Spatchcocked or splayed turkey
Behold two similar methods that not only cook a turkey at record speed but also increase the meat’s juiciness. The first, spatchcocking, requires cutting and removing the poultry’s backbone before pressing the meat down to create an even layer. There’s also the slightly less involved (and beginner- friendly) splaying technique, which involves slicing through the skin connecting the turkey legs on both sides, popping out the thighs, and then pressing the entire turkey down. Both spatchcocking and splaying provide the same effect — creating an environment that lets the dark meat cook slightly faster than the white meat, and reduces the chance that the white meat will overcook.

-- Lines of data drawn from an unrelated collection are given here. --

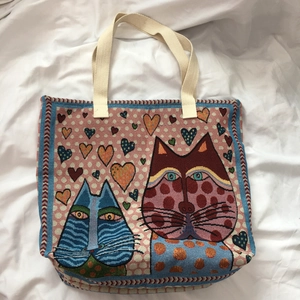 Close-up of woven tapestry tote bag with stylized cat patterns and colorful hearts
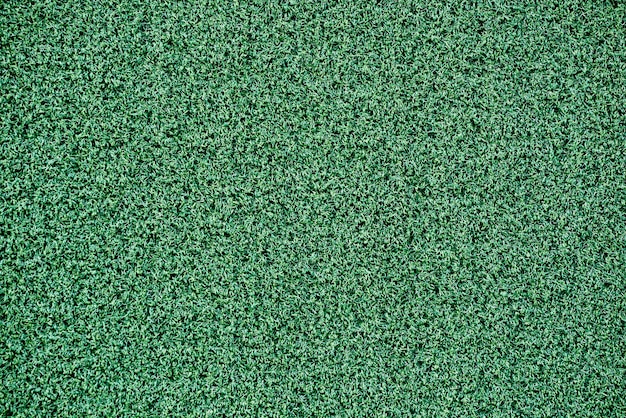 Grama verde artificial de textura para o fundo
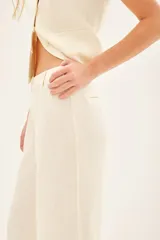 Pantalón de lino color crema, de corte sastrero y pierna ancha, con cintura alta y bolsillos laterales.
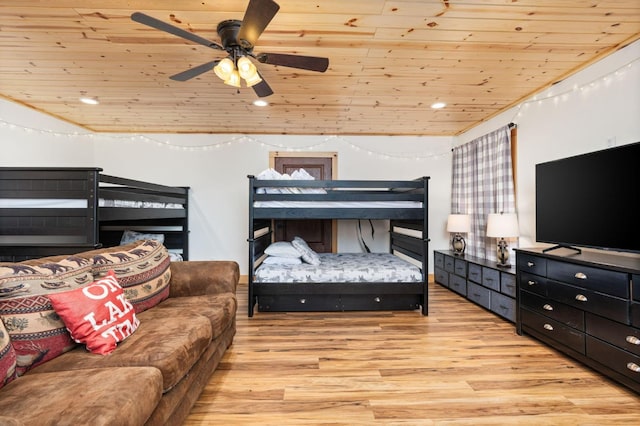 bedroom featuring lofted ceiling, light wood finished floors, wood ceiling, and recessed lighting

The exploration of vegetables continues apace. Nielson says that, like last year, beets, Brussels sprouts, and cauliflower continue to fascinate. Food blogger Krysten Dornik notes that dishes made popular thanks to certain diets or food allergies — zoodles (zucchini noodles), mashed cauliflower, and nut meal pie crusts — have become mainstream. “People with food allergies will make them because of the obvious reasons, but everyone else will make them too because they are ‘healthy’ and trendy,” she says. “Everyone wants to be healthy year-round, even during the holidays, so making mashed cauliflower instead of potatoes eliminates the unwanted carbs that everyone seems to be avoiding more than ever.”
Brown flavor boosters
Brown is in this Thanksgiving, courtesy of seasonal flavor enhancers such as maple syrup, bourbon, caramel, and brown butter. Trendologist Kara Nielson, who tracks food buzz through various data sources, says the ingredients add a deep, rich flavor to many dishes. Ways she would incorporate them into the meal include adding brown butter into a pastry crust, swirling maple syrup over roasted carrots, or pouring splashes of bourbon into cornbread stuffing.

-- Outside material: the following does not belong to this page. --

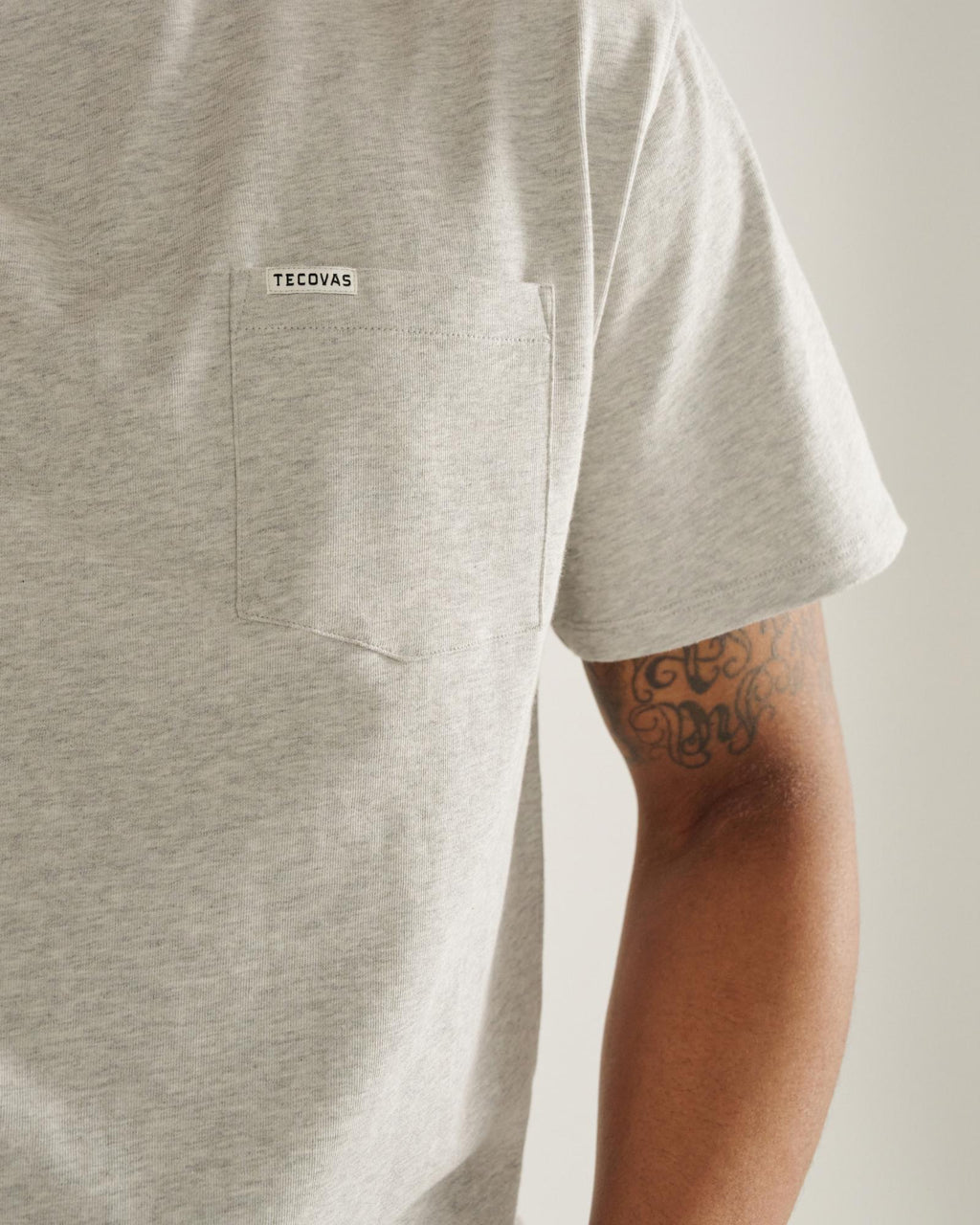 A person wearing a light grey pocket t-shirt with "Tecovas" on the pocket, showing part of their arm with a tattoo.
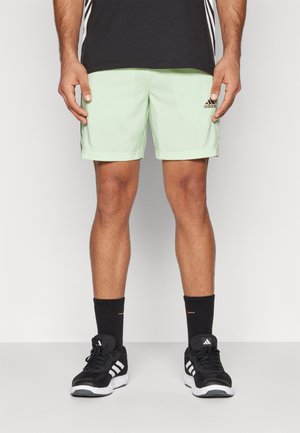 Hellgrüne Sportshorts mit normaler Passform. Mit einem adidas-Logo auf der linken Seite. Kombiniert mit schwarzen Socken und Turnschuhen.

Apple roses and the Pinterest treatment
Nielson says there is a rise is the “Pinterest effect,” which encourages cooks to take plating to the next decorative level. “This is the high holidays for entertaining and making things look fantastic. While you can’t do this for every dish, maybe pick one or two to be stunners,” she says. Examples include decorating a pie crust with cutouts or the very Pinterest-popular apple “roses.”
Nielson notes the popularity of Israeli-born British restaurateur and cookbook author Yotam Ottolenghi has infused Middle Eastern flavors into recipes, especially vegetables. There’s also a heightened excitement over Asian ingredients like miso paste, fish sauce, and soy sauce — think miso glaze brushed onto a turkey, for an Asian spin on Thanksgiving. The executive chef of Dos Caminos, Ivy Stark, recommends embracing nontraditional sides: “For instance, doing a Mediterranean-style dinner, with healthy and delicious mezes like spice-grilled eggplant and cumin-roasted carrots, or doing a Latin-style dinner with roasted corn and green chiles, or sweet potato and black bean salad will be popular as well as vegetable mash-ups, celery root and apple puree, potato and carrot, sweet potato and pear.”
Regional hard cider
While pumpkin beers are still as popular as ever, Nielson says specifically that artisan regional ciders beyond the big brand names (such as Angry Orchard) will be on trend for the holiday. Not only are ciders seasonal and gluten-free, but she says the 750-milliliter bottles look great on the Thanksgiving table. But don’t just use them to drink; she advises adding a drizzle to roasted root vegetables like carrots or parsnips, boiling it down for a glaze to brush over a dessert, or even stirring into pancake batter for the next day’s breakfast. “Beer and cider with a cheese plate are also a fantastic pairing for general holiday entertaining,” says Nielson, principal of Kara Nielson Food Trends.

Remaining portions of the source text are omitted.